Özellikle üniversite çağındaki gençler yurtdışındaki örneklerden aldıkları ilhamla birçok fikirle mezun oluyor okullarından. Tabii hayata geçecek fikir var, geçmeyecek fikir var.
Düşünsenize Facebook, Youtube, Google gibi bugün efsane halini almış markalar hep üniversite döneminde ve garajlarda olgunlaşmış fikirlerin hayata geçmesi aslında. Girişimcilik konusunun aslında iki ayağı var. Evet, sizin harika bir fikriniz olmalı bunu kimse inkâr edemez. Ancak bu fikre destek olacak melek yatırımcılar ya da kamu da bu alanda üç maymunu oynamamalı.
Köstek olmasınlar yeter
Geçtiğimiz hafta tanıştığım ve bu yılın yıldızı olacağını düşündüğüm bir girişimci var. Konu KOSGEB ile ilgili olduğu için bu girişimin adını şimdilik gizli tutacağım. Bu arkadaşlar, yurtdışından gelerek oluşan bir ihtiyaç üzerine hayata geçirdikleri fikirleriyle şimdiden dev bir şirket olma yolunda ilerliyorlar. Bana projeyi anlattıkları toplantıda kamudan destek meselesini sorduğumda aldığım yanıt gerçekten çok ilginçti:
“Önce başvurmayı düşündük. Ancak biz zaten çok hızlı büyüyen bir yapıyız. Oturup oradan gelecek desteğin süresini hesapladık o süreyi beklemektense biz çalışarak o desteğin çok üzerinde bir gelir elde edeceğimizi görerek başvurudan vazgeçtik.”

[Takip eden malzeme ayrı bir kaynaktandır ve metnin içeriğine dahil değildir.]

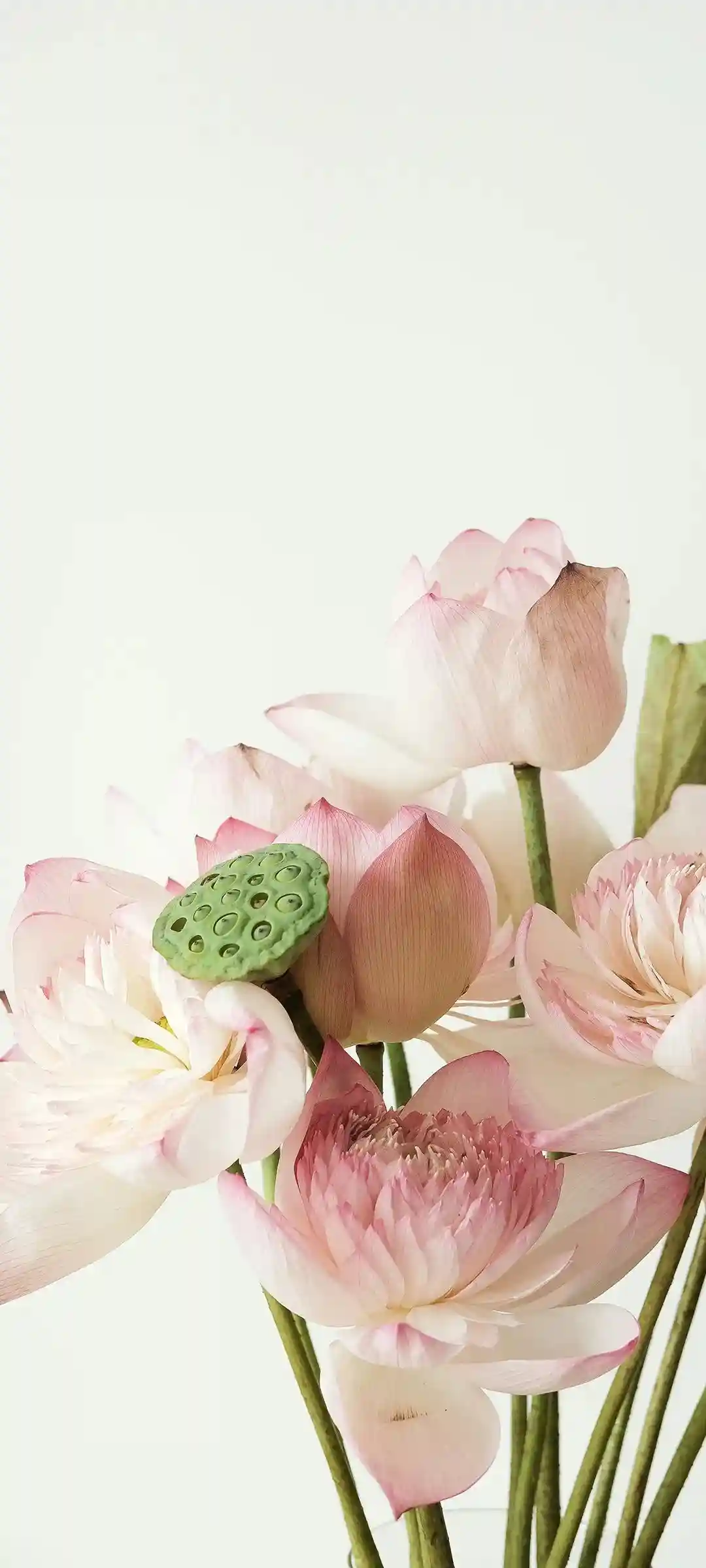 汉服古风庭院写真手机壁纸设计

İşte size girişimciye desteğin mini bir özeti. Tabii bu konu özel sektörde ya da melek yatırımcı tarafında böyle işlemiyor ve çok önemli yatırımcılar çok önemli ve başarılı projelere destek veriyor. Ancak küresel bir marka çıkaramadık diye hayıflanmak yerine küresel marka çıkaran ülkelerin girişimciler için ayırdıkları bütçelere bir bakma yeterli.